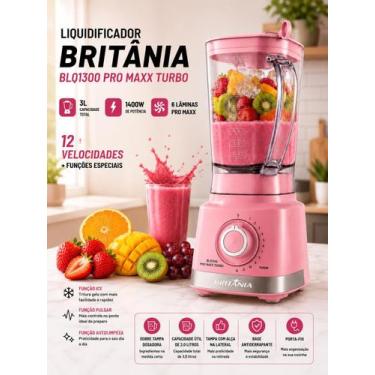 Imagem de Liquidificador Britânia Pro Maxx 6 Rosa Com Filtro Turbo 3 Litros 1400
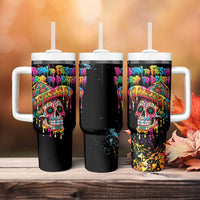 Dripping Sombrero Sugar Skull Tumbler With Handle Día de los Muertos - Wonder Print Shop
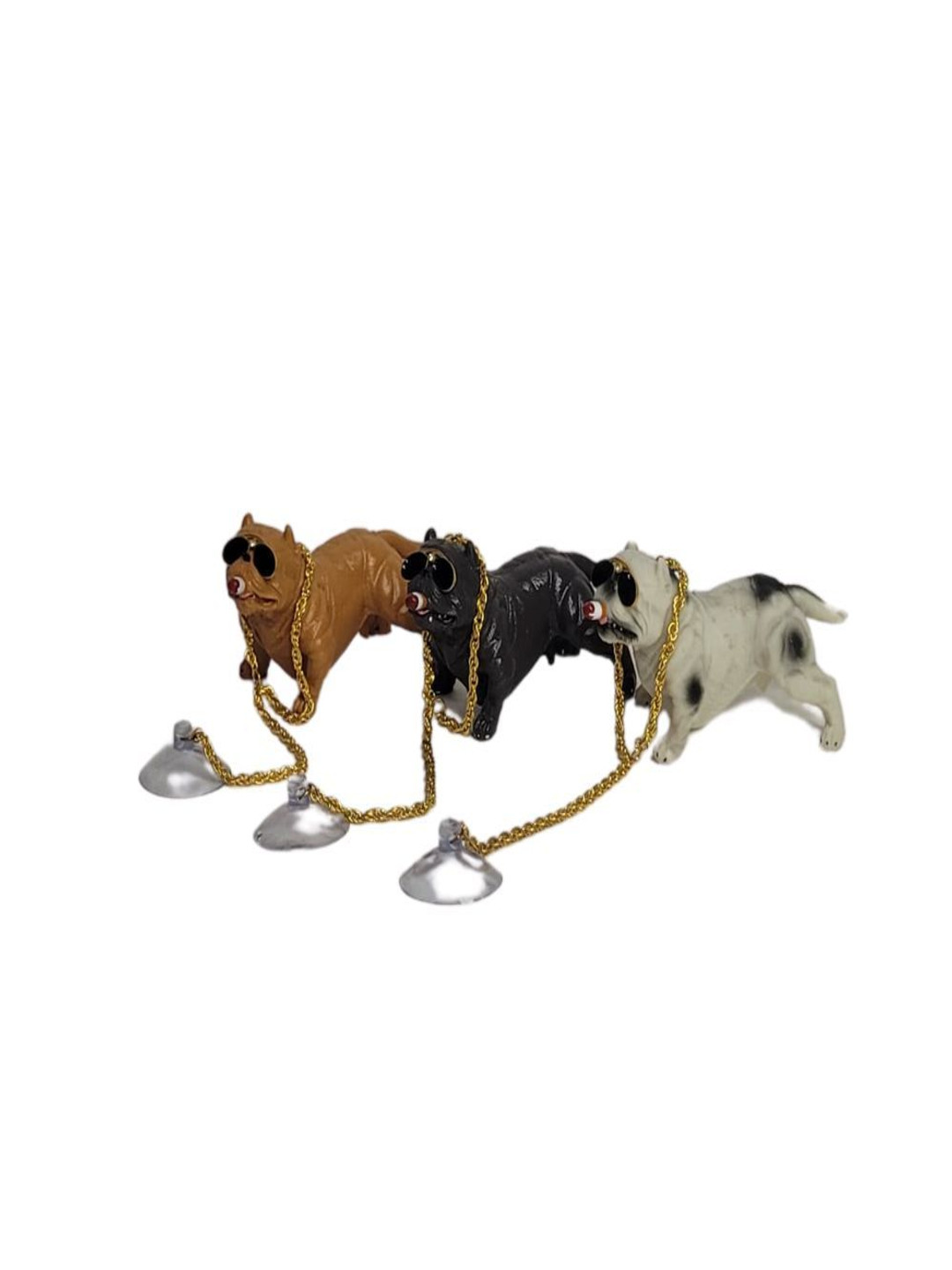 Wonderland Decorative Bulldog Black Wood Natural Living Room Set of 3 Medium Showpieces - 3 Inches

==

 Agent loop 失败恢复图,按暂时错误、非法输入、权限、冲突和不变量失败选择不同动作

--

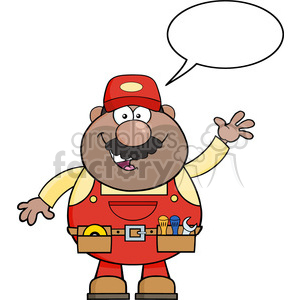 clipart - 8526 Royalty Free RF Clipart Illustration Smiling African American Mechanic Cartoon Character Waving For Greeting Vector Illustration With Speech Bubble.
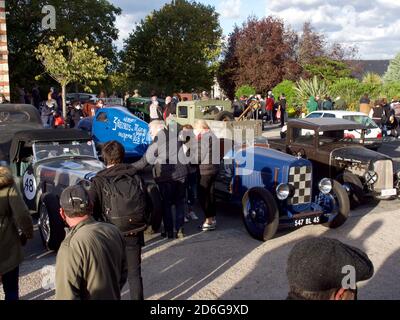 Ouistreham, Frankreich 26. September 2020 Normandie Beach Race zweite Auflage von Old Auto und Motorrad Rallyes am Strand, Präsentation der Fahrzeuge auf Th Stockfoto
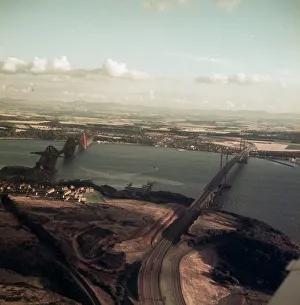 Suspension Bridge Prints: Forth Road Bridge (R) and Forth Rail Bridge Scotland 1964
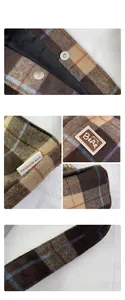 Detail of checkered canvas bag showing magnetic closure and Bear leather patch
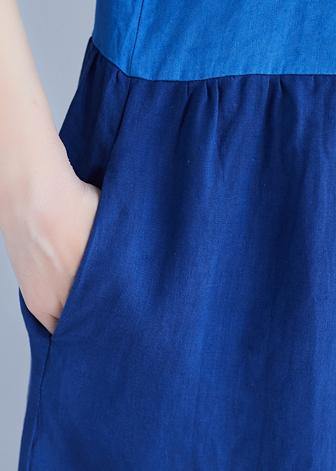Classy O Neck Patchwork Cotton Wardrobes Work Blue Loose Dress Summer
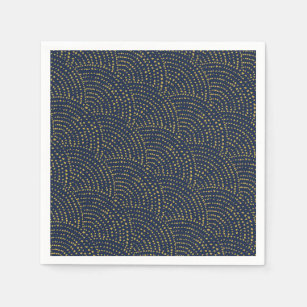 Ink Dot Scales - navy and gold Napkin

__Task statement__: Take the material above from the line containing "Imagem de Liquidificador" up to and including the line containing "Dripping Sombrero Sugar" and retype it exactly, without any pictures.

__Answer space__:
 Imagem de Liquidificador Britânia Pro Maxx 6 Rosa Com Filtro Turbo 3 Litros 1400
 Dripping Sombrero Sugar Skull Tumbler With Handle Día de los Muertos - Wonder Print Shop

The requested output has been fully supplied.